Pamiętam też drugą moją wpadkę, a właściwie zaniedbanie, jako szefa informacji. Gdy w sobotę do mojego biura dostarczono stos świeżo wydrukowanych plakatów z istotną treścią, jeden z wolontariuszy usilnie, czy wręcz namolnie, namawiał mnie, aby je natychmiast rozwiesić. Bardzo mi się nie chciało jeszcze pracować w sobotę po południu, choć jeżdżąc moim samochodem z trzema wolontariuszami bylibyśmy w stanie oplakatować całe miasto w 2 godziny. Przekonałem chętnych do pomocy, że możemy to zrobić w poniedziałek, ale ...o północy wprowadzono stan wojenny...
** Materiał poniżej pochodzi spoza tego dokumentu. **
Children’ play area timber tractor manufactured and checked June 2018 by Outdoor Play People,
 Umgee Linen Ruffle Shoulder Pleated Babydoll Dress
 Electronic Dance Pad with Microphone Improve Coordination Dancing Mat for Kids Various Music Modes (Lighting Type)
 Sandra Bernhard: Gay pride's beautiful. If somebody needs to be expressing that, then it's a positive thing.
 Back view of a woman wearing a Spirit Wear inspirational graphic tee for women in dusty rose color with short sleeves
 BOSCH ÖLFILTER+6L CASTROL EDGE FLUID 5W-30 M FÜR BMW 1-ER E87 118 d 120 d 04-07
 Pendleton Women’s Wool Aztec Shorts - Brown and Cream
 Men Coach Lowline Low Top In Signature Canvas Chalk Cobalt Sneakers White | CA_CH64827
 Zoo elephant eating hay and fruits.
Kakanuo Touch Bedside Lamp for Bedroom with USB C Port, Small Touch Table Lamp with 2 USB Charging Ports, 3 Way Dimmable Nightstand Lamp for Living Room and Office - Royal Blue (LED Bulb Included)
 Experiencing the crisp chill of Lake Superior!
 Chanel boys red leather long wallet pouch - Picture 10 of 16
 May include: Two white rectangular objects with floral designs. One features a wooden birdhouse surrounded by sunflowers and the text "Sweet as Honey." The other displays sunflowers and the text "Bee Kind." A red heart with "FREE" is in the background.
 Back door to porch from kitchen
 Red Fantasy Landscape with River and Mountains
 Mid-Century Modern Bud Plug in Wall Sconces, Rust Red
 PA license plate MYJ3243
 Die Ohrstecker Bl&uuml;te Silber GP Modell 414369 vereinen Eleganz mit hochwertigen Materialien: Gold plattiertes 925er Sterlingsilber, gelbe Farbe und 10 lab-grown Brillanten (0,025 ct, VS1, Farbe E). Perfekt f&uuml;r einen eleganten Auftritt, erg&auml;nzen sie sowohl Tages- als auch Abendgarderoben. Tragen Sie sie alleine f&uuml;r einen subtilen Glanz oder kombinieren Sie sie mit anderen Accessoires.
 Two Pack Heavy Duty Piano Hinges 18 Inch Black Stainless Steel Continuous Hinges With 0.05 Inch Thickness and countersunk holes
Początkowo komuniści zamierzali rozpocząć stan wojenny 7 grudnia – są na to twarde dowody. Koszalin był miastem wojewódzkim najbardziej oddalonym od warszawskiej "centrali" i widocznie nie dotarło tu na czas wycofanie rozkazu (tzw. "odbój"). Na własne oczy oglądałem plakat z informacją o wprowadzeniu stanu wojennego "na obszarze całego kraju" z dniem 7 grudnia 1981 roku i osobiście znam szczęśliwego posiadacza tego kolekcjonerskiego dokumentu. Datę zmieniono z prostego powodu; na dzień 12 grudnia wyznaczono posiedzenie Komisji Krajowej, była więc okazja by w jednej prostej operacji "zgarnąć" władze związku w komplecie. Najdzielniejsi pośród naszych przywódców zdołali jednak zmylić straże i wyrwać się z okrążenia, by następnie zstąpić do podziemia i brawurowo się ukrywać. To uczyniło ich życiorysy ekstremalnie spiżowymi i jako posiadacze takich życiorysów zostali ulubionymi solidarnościowcami gen. Kiszczaka. Dlatego właśnie tych czterech (oprócz Wałęsy) przywódców generał wybrał, aby w charakterze "paprotek" reprezentowali "Solidarność" w rozmowach "okrągłego stołu".